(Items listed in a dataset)
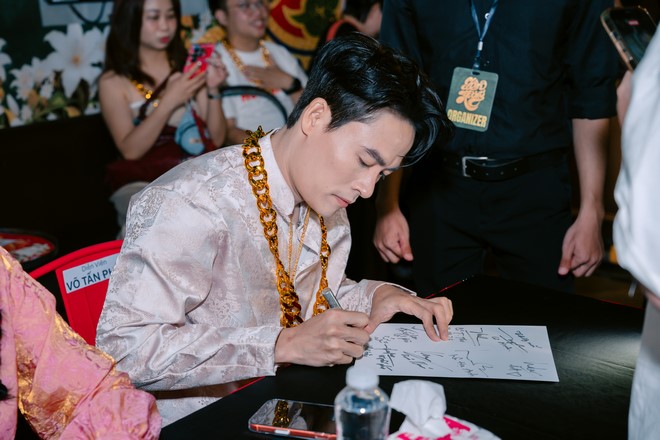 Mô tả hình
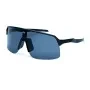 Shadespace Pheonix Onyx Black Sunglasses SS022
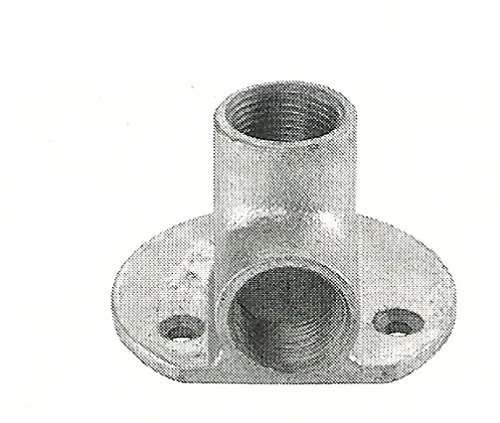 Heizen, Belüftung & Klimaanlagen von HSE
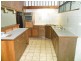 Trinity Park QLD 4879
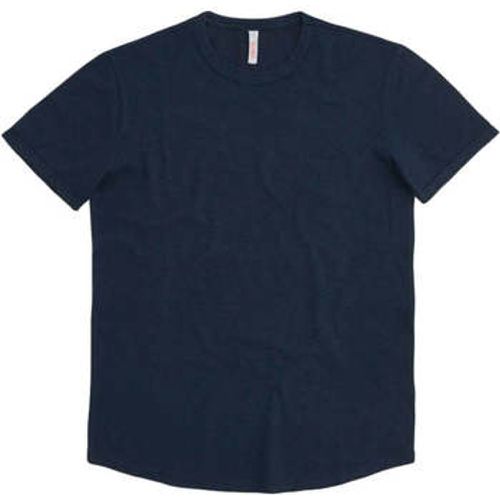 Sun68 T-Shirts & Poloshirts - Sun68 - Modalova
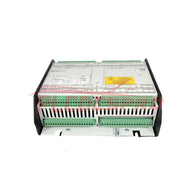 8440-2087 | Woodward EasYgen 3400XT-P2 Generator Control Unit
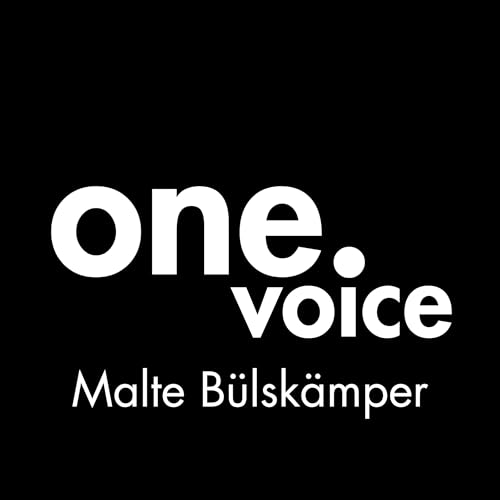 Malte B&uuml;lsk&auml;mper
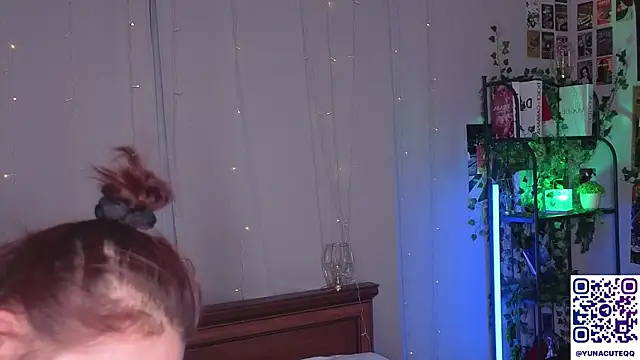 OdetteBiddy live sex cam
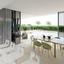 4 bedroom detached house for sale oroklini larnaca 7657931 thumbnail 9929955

* * *

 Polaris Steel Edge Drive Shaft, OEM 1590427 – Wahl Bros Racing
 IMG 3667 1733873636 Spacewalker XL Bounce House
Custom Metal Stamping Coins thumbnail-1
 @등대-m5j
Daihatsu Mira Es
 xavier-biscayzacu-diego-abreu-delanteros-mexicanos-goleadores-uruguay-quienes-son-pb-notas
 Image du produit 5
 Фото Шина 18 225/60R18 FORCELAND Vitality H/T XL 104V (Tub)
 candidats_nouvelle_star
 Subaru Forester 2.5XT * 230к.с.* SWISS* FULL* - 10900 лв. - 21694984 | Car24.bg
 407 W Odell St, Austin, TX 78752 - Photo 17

...

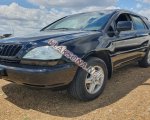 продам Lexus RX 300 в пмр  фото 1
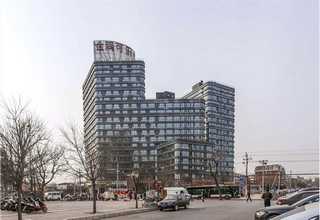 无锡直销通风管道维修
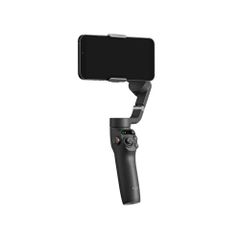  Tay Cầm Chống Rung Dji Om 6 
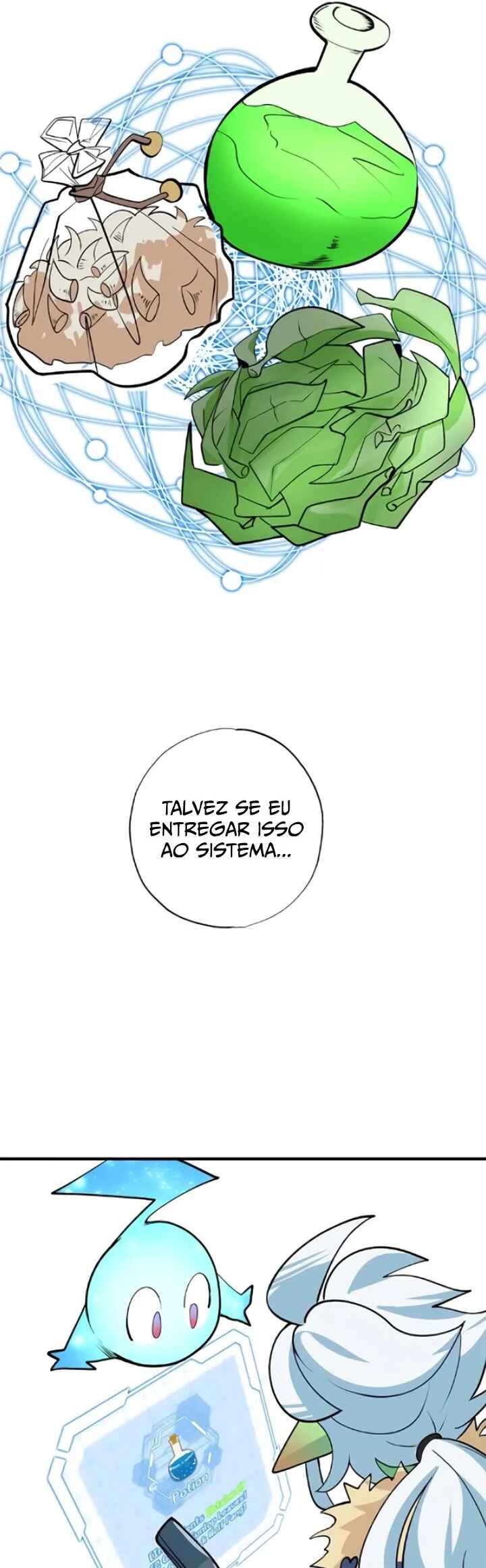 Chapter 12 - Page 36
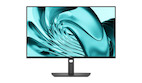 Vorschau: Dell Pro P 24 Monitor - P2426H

WHAT YOU SHOULD DO: Print the lines above from the one with "Image du produit 5" through the one with "407 W Odell St, Austin, TX 78752 - Photo 17", both included, exactly as written and nothing more.

SOLUTION TO THE PROBLEM:
 Image du produit 5
 Фото Шина 18 225/60R18 FORCELAND Vitality H/T XL 104V (Tub)
 candidats_nouvelle_star
 Subaru Forester 2.5XT * 230к.с.* SWISS* FULL* - 10900 лв. - 21694984 | Car24.bg
 407 W Odell St, Austin, TX 78752 - Photo 17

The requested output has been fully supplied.